### [Exercise aim]
Give the data below again exactly as it stands. Omit the pictures.

----

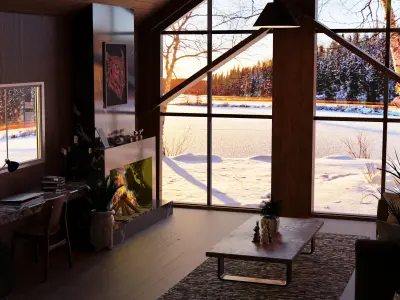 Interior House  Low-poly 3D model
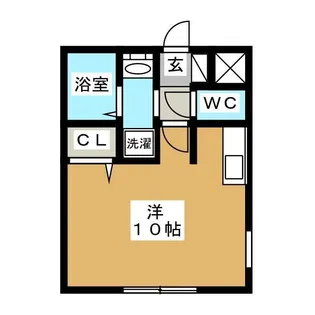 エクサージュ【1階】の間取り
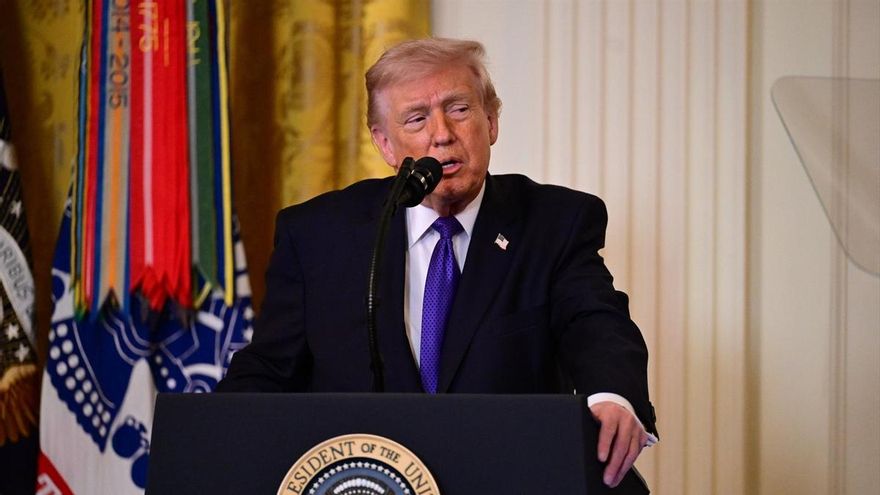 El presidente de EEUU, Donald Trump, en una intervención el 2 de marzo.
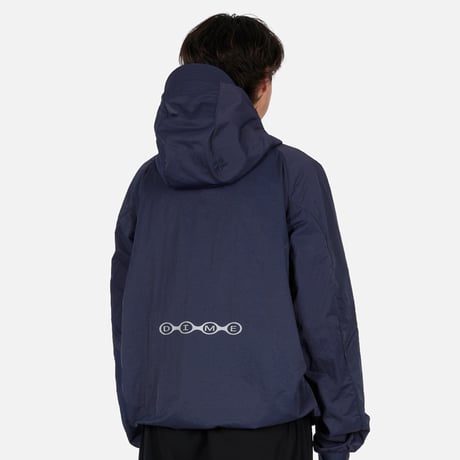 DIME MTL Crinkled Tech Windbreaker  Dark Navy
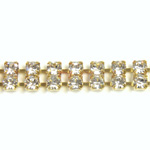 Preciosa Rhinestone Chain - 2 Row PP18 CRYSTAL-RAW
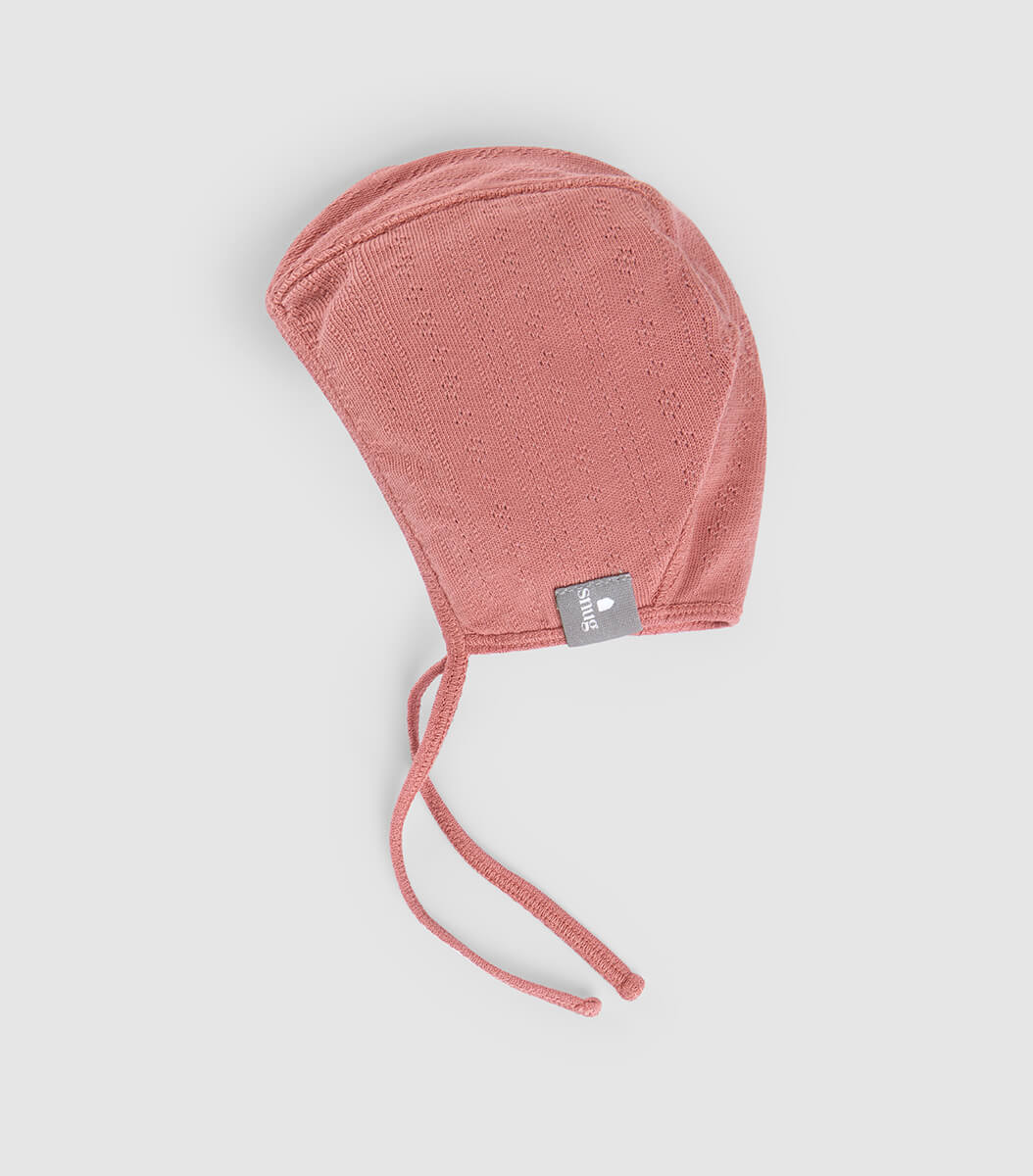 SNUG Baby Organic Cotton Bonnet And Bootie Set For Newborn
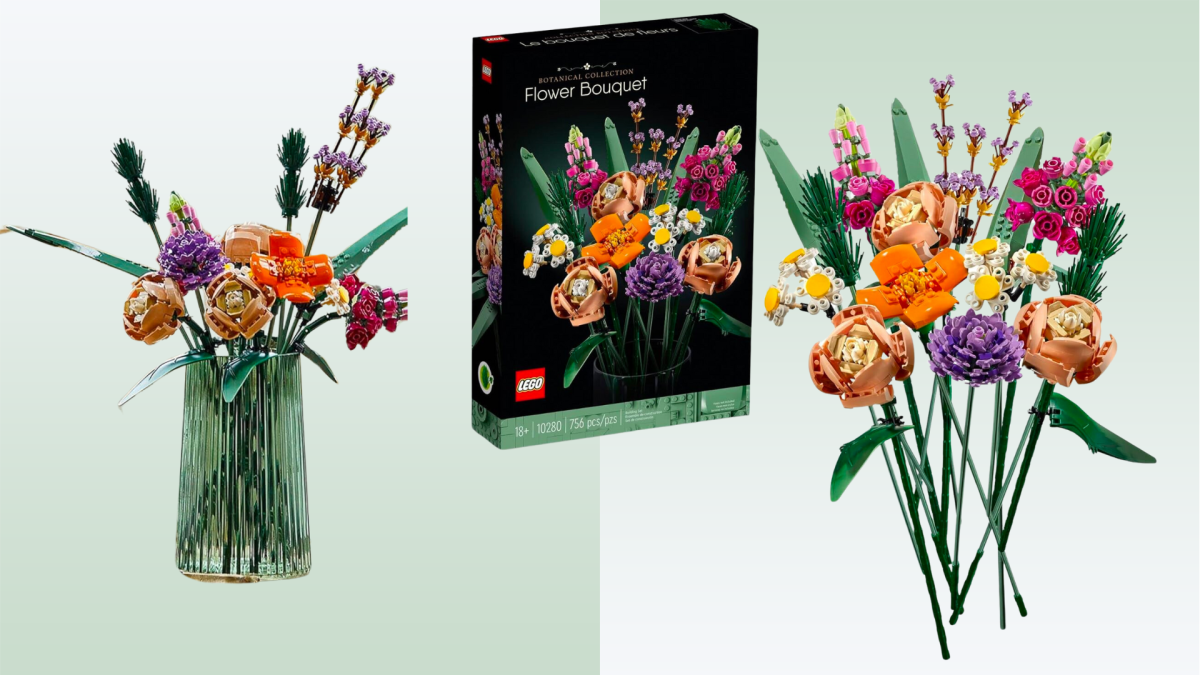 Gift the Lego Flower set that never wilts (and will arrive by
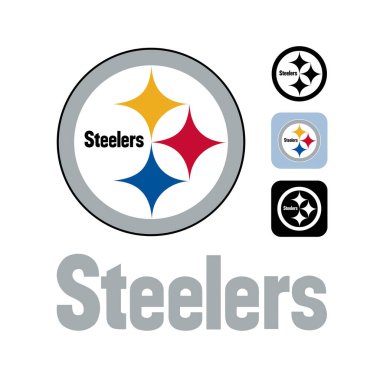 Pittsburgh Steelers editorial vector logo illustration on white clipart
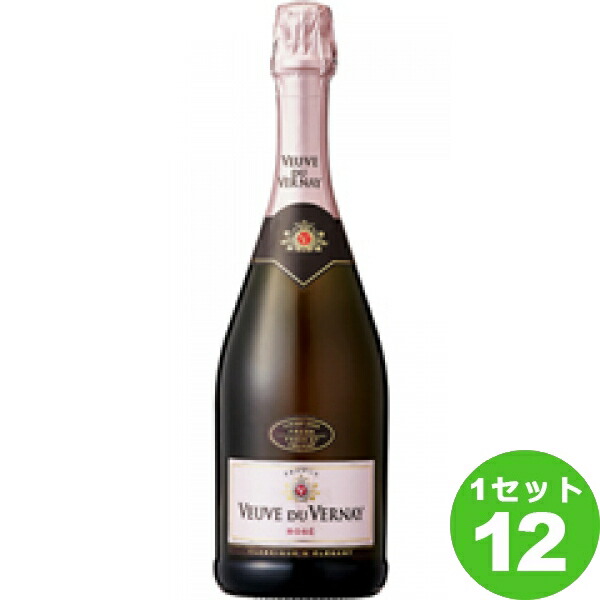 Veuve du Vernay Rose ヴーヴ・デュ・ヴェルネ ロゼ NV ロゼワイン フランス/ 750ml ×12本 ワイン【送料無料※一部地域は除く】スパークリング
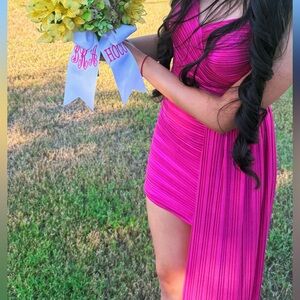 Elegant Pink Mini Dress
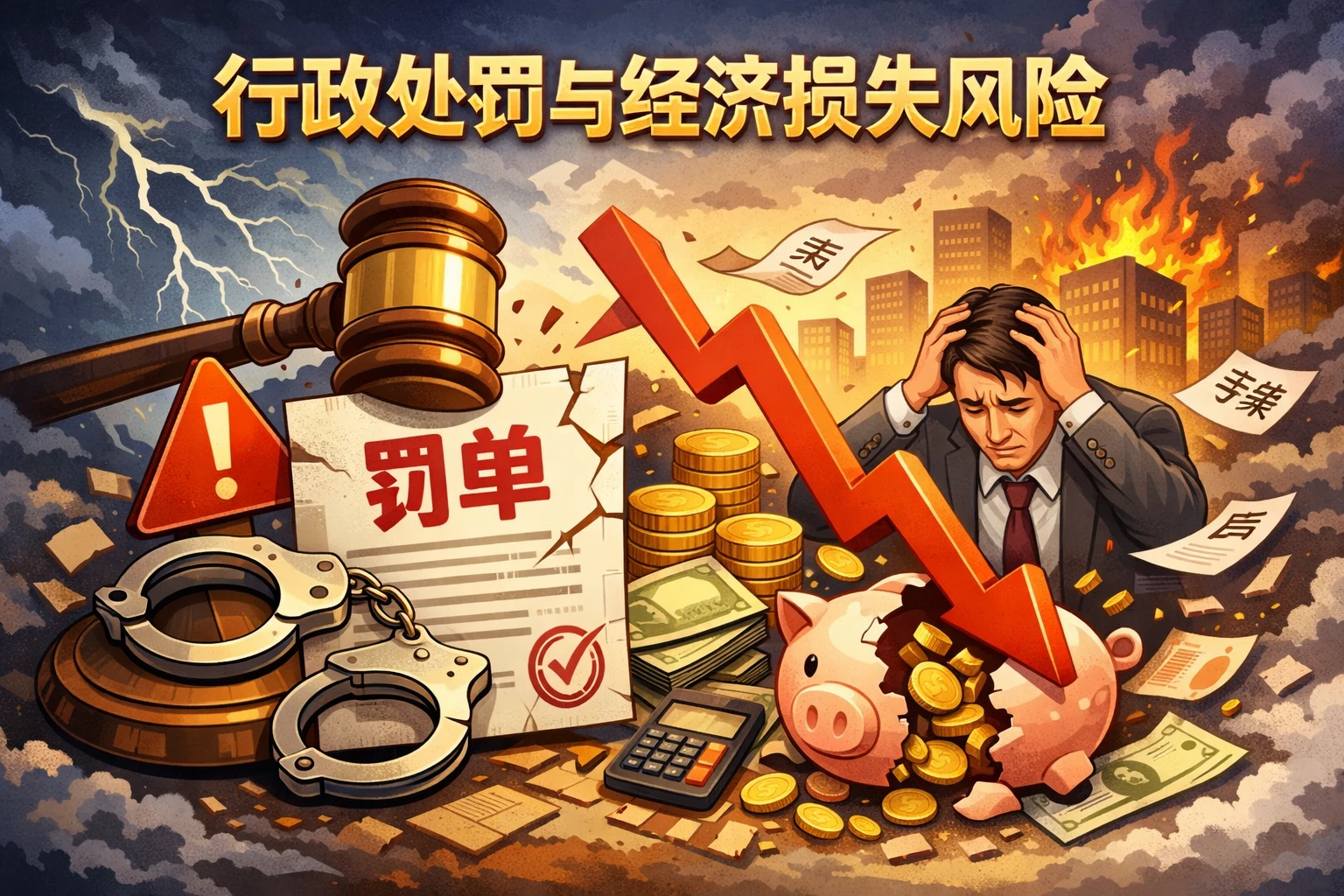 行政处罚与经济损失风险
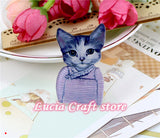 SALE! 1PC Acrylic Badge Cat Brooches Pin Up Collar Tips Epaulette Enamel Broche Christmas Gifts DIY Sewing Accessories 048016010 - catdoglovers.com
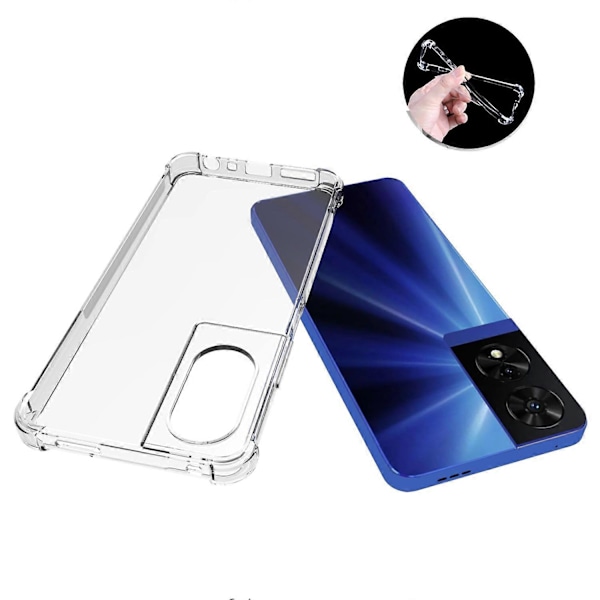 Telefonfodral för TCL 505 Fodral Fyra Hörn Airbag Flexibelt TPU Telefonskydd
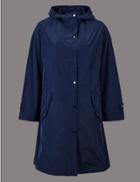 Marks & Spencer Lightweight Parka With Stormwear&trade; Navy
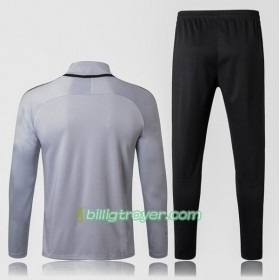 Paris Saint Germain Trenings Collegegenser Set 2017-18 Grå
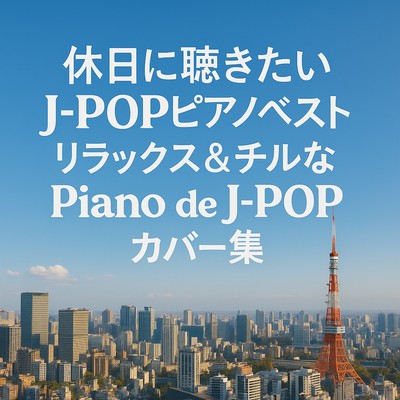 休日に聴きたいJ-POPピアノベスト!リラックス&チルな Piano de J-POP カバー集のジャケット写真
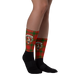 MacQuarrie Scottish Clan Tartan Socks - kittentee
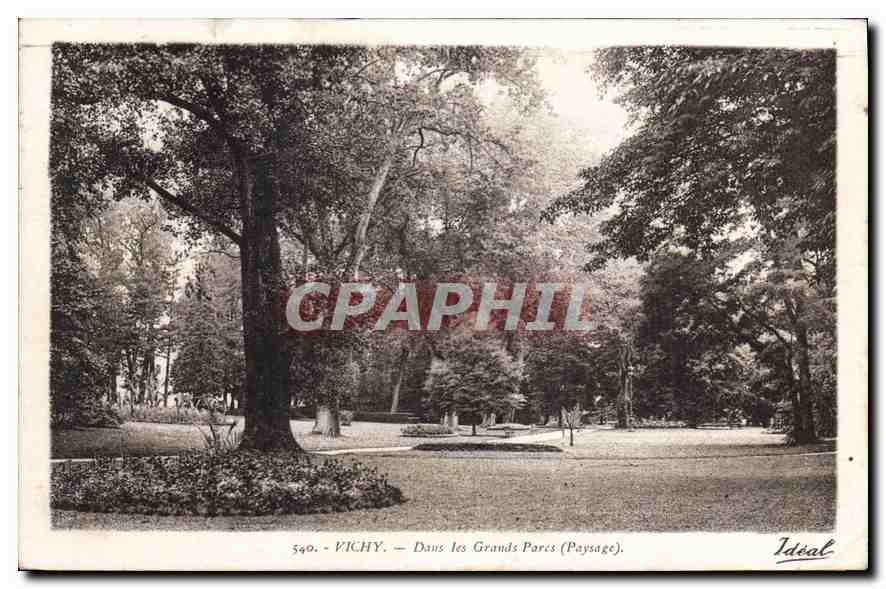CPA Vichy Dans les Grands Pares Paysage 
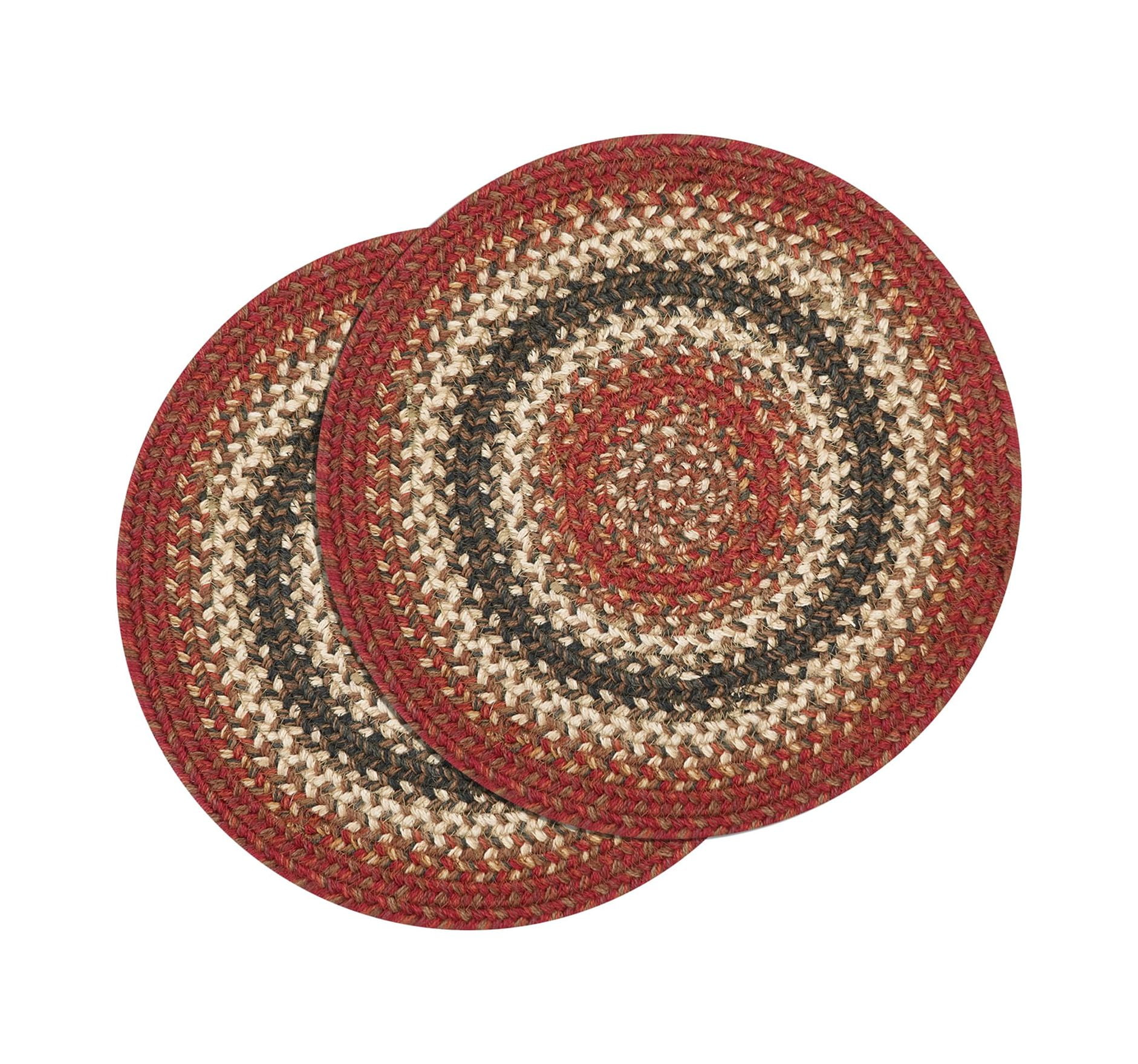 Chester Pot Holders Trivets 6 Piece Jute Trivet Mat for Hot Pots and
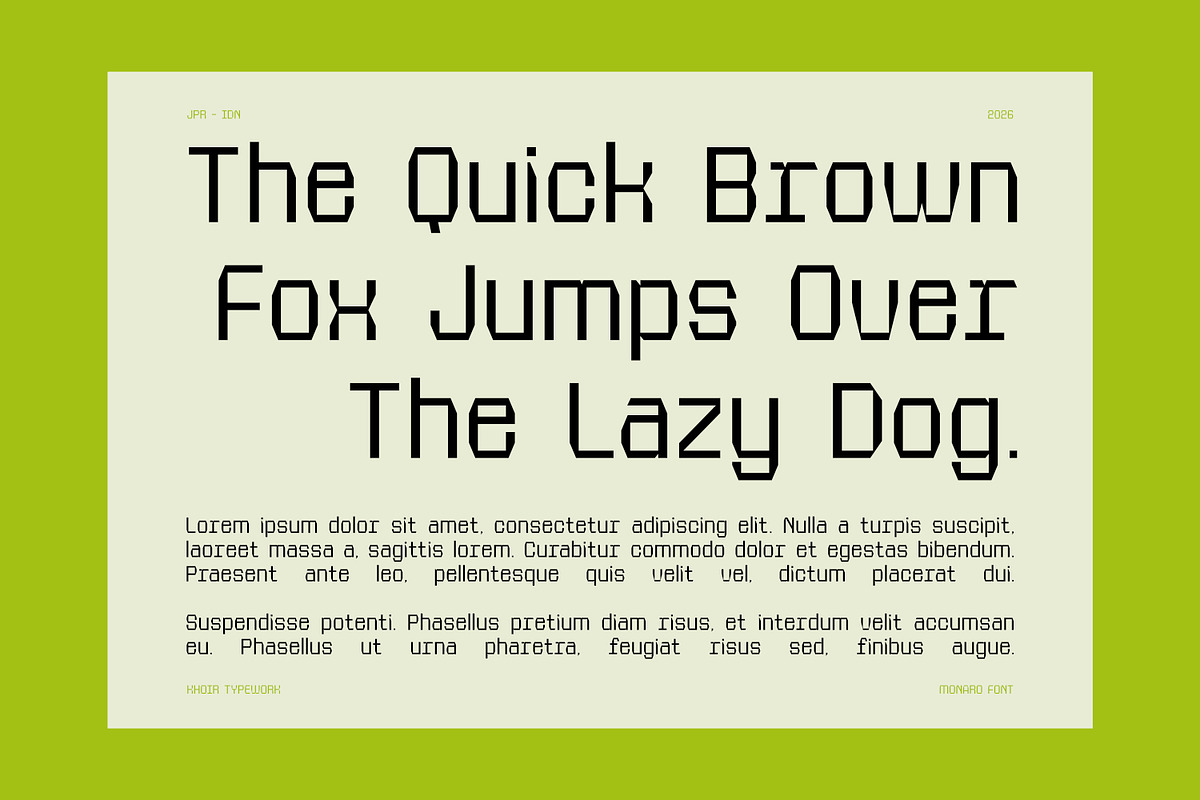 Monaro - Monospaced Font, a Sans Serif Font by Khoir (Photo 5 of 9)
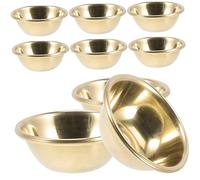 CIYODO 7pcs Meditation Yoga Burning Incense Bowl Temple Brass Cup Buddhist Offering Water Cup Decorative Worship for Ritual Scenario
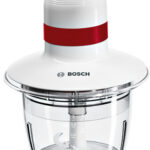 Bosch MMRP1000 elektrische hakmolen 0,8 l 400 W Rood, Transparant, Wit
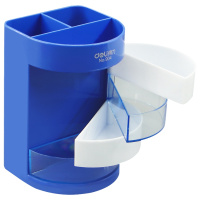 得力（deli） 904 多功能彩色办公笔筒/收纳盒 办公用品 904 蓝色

----

### [Response box]
 Interior House  Low-poly 3D model
 エクサージュ【1階】の間取り
 El presidente de EEUU, Donald Trump, en una intervención el 2 de marzo.
 DIME MTL Crinkled Tech Windbreaker  Dark Navy
 Preciosa Rhinestone Chain - 2 Row PP18 CRYSTAL-RAW
 SNUG Baby Organic Cotton Bonnet And Bootie Set For Newborn
 Gift the Lego Flower set that never wilts (and will arrive by
 Pittsburgh Steelers editorial vector logo illustration on white clipart
 Veuve du Vernay Rose ヴーヴ・デュ・ヴェルネ ロゼ NV ロゼワイン フランス/ 750ml ×12本 ワイン【送料無料※一部地域は除く】スパークリング
 Elegant Pink Mini Dress
 行政处罚与经济损失风险
 SALE! 1PC Acrylic Badge Cat Brooches Pin Up Collar Tips Epaulette Enamel Broche Christmas Gifts DIY Sewing Accessories 048016010 - catdoglovers.com
 Telefonfodral för TCL 505 Fodral Fyra Hörn Airbag Flexibelt TPU Telefonskydd
 Marks & Spencer Lightweight Parka With Stormwear&trade; Navy
 Paris Saint Germain Trenings Collegegenser Set 2017-18 Grå
 休日に聴きたいJ-POPピアノベスト!リラックス&チルな Piano de J-POP カバー集のジャケット写真
 MacQuarrie Scottish Clan Tartan Socks - kittentee
CPA Vichy Dans les Grands Pares Paysage 
 Chester Pot Holders Trivets 6 Piece Jute Trivet Mat for Hot Pots and
 Monaro - Monospaced Font, a Sans Serif Font by Khoir (Photo 5 of 9)
 CIYODO 7pcs Meditation Yoga Burning Incense Bowl Temple Brass Cup Buddhist Offering Water Cup Decorative Worship for Ritual Scenario
 Bosch MMRP1000 elektrische hakmolen 0,8 l 400 W Rood, Transparant, Wit
 得力（deli） 904 多功能彩色办公笔筒/收纳盒 办公用品 904 蓝色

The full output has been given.